Segment Open

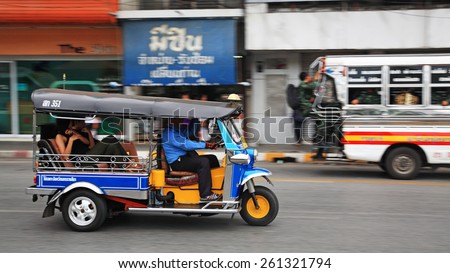 KORAT, THAILAND - JULY 18, 2014: tuk tuk taxi with passengers transport in the city. Tuk tuks can be hired from as little as $1 or B30 a fare for shop trips.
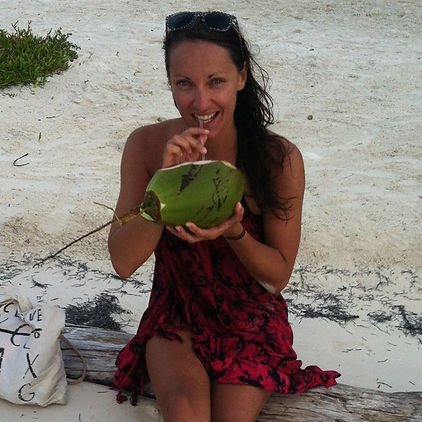 Me sipping a coconut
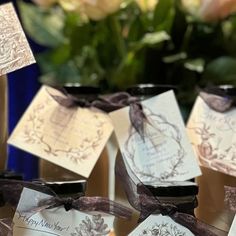 wedding favors are tied with brown ribbon and placed in small vases next to flowers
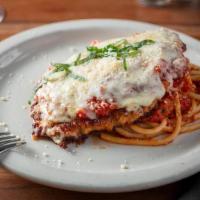 Chicken Parmesan · crispy breaded chicken, red sauce, melted cheese, bucatini pomodoro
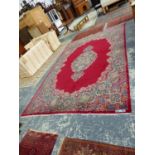 A PERSIAN KIRMAN CARPET, 453 x 295cms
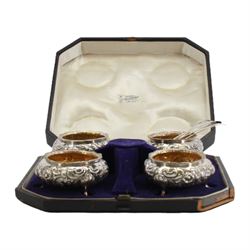 Cased set of four Victorian silver open salts, each of cauldron form with embossed foliate decoration, gadrooned rim and gilt interior, upon three hoof feet, hallmarked William Hunter, London 1844, H4cm, together with four earlier Georgian salt spoons, hallmarked London 1800, makers marks worn and indistinct, contained within a fitted case with velvet and silk lined interior
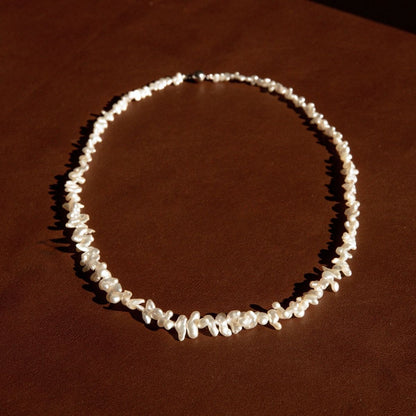 A necklace made of irregular Keshi pearls arranged in a circle, displayed on a dark brown textured surface under warm directional lighting.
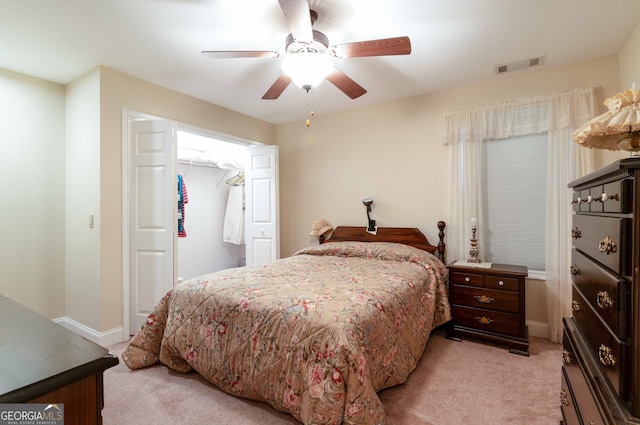 bedroom with light colored carpet, ceiling fan, and a closet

Segment Closed

→ **Your goal**
Copy exactly, and copy nothing else: the lines from the one containing "Cased set of" through the end of the data, both ends included, with pictures left out.

→ **Answer to this task**
 Cased set of four Victorian silver open salts, each of cauldron form with embossed foliate decoration, gadrooned rim and gilt interior, upon three hoof feet, hallmarked William Hunter, London 1844, H4cm, together with four earlier Georgian salt spoons, hallmarked London 1800, makers marks worn and indistinct, contained within a fitted case with velvet and silk lined interior
 A necklace made of irregular Keshi pearls arranged in a circle, displayed on a dark brown textured surface under warm directional lighting.
 bedroom with light colored carpet, ceiling fan, and a closet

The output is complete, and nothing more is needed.